Opinion Using Blockchain as a way of Strengthening Disaster Relief

Using Blockchain as a way of Strengthening Disaster Relief

December 29, 2018

Disaster relief is a process that is regularly far from the minds of many individuals in the world when speaking about an average person. The same is true for any social status or geographical location, being that not many plan or foresee disaster coming, even in many regions that are prone to natural and man-made large-scale events of this kind. Often, this is related to the low presence of government services on local, state or national levels.

The mindset of individuals often follows this trajectory and ends up being individually unprepared for an emergency situation. Essentially, it is a case of overall low preparedness for any type of unforeseen circumstance. This, in turn, means that when something does occur, the ability of both institutions and individuals or groups of people are applying small to do anything about it.

However, now a piece of blockchain technology is begin development that could possibly change that for the better without asking for gigantic investments. With the use of blockchain networks, disaster relief in any part of the world could be substantially improved and possibly even change the magnitude of impact for even the worst possible catastrophic scenarios that could occur.

US Department of Defense Initiative

Recently, the debate about the use of blockchain in the context of disasters was started by the US Department of Defense (DOD). Its representatives stated that the blockchain technology possesses a huge potential to help in the process of improving the efforts of disaster relief.

More precisely, the Defense Logistics Agency and its division called the Troop Support held a meeting in December in Philadelphia to assess how blockchain could have helped in previous such scenarios. The situation that had been discussed was the assistance to Puerto Rico after the 207 Hurricane Marina and the Troop Support CPI (Continuous Process Improvement) office hosted the meeting.
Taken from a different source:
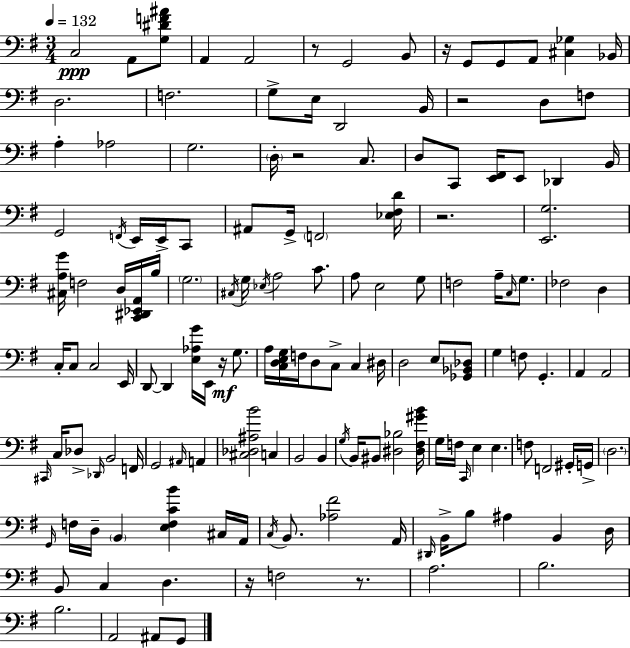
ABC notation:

Elijah Londo, a management analyst of CPI stated that the potential is gigantic and very versatile. According to him, many experts right now believe that it would be able to transform the process of a transaction of data in the same way the internet changed how basic communication took place. Currently, the US forces employ a process of centralized logistic tracking that employs a singular management system.
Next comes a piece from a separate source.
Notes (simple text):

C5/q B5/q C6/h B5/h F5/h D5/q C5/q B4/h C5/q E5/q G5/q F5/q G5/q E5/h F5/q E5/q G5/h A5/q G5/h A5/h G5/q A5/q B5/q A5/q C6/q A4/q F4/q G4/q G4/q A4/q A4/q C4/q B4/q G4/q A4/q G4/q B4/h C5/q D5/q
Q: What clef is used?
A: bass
This makes it hard for the involved parties to make sure that their data is synced and that they are creating their logistic plans and calculations using the most up-to-date information from the field or other points of interest. With blockchain tech, the same involved agency could track data and improve the chain of supply by responding to the changes it sees in any of its logistical nodes.

The Streamlining of the Process

According to another official, the ability of blockchain to speed up all elements of the relief effort could be crucial for cutting down the time that takes for any form of aid to arrive. The same time is the difference between many people’s survival and the chance of the same continuing over a prolonged period of time. Blockchain could be used to track data, starting with raw materials and going all the way to in-country transport, followed by international shipping. In this regard, blockchain is no stranger for other companies as well.
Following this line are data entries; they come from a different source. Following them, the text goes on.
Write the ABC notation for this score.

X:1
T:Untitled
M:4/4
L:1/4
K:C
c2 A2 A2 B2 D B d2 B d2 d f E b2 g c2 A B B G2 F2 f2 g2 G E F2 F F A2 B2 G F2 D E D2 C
These include Maersk, the shipping and transport giant that has already started a partnership with the IBM logistics environment sector to create a supply chain platform that would be using blockchain tech for its procedures. However, all included parties are quick to underline that they are only starting to explore this possibility without acknowledging they are ready to build prototypes or do any other direct or practical application of blockchain.

This is a regular narrative that has been going on for years now, in which the big government bodies are ready to explain their interest in blockchain tech, even state they are enthusiastic about it but reveal or provide no actual info on when a direct result of that interest could come about. In this regard, non-national cryptocurrencies like bitcoin are light years ahead as fully-functional networks that have been up and operational for almost a decade (as BTC is).

The Case of US Agencies

There is plenty of examples of the mentioned mentality and approach to block chain in the US. The country is one of the hotbeds of tech adoption with things like social media, esports and many other digital-native industries taking off among the first. The government, however, does not follow this pattern.

There, numerous government agencies are somehow involved in the blockchain project and research. In December the Department of Homeland Security announced it was searching for ways to improve its ability to prevent the widespread use of fake ID through the use of blockchain solutions.

It took a step further by offering $800,000 grants to companies that could assist them in this venture. US Navy innovation team also showed interest in researching blockchain tech that would be used to add security to the navy’s manufacturing systems.

Disaster Relief through Blockchain

Essentially, the space that is available for improvement in this domain is that of the information flow and its speed and effectiveness. The moment a disaster strikes, the information chains break down and the efforts become much more complicated and substantially less effective. This is usually seen in the idea of aid arriving from many corners to stricken areas, but the same end up waiting in warehouses and not being properly distributed.

As the goods and direct relief efforts are not targeted to the proper areas, the people in those areas start to suffer. But, the problem with the DOD initiative, like with many other similar ones is the fact that they are still planned and conceived as isolated blockchains that might or might not be able to synch with other similar networks.

If a US disaster relief blockchain can communicate with that of other nations, especially those hit by the disasters, its purpose is achieved and it will save lives. This is something similar to the UN project on using digital currencies to distribute aid. Otherwise, this is only one more case where blockchain would increase internal effective which would, in turn, include no effect on the actual disaster relief process on the ground.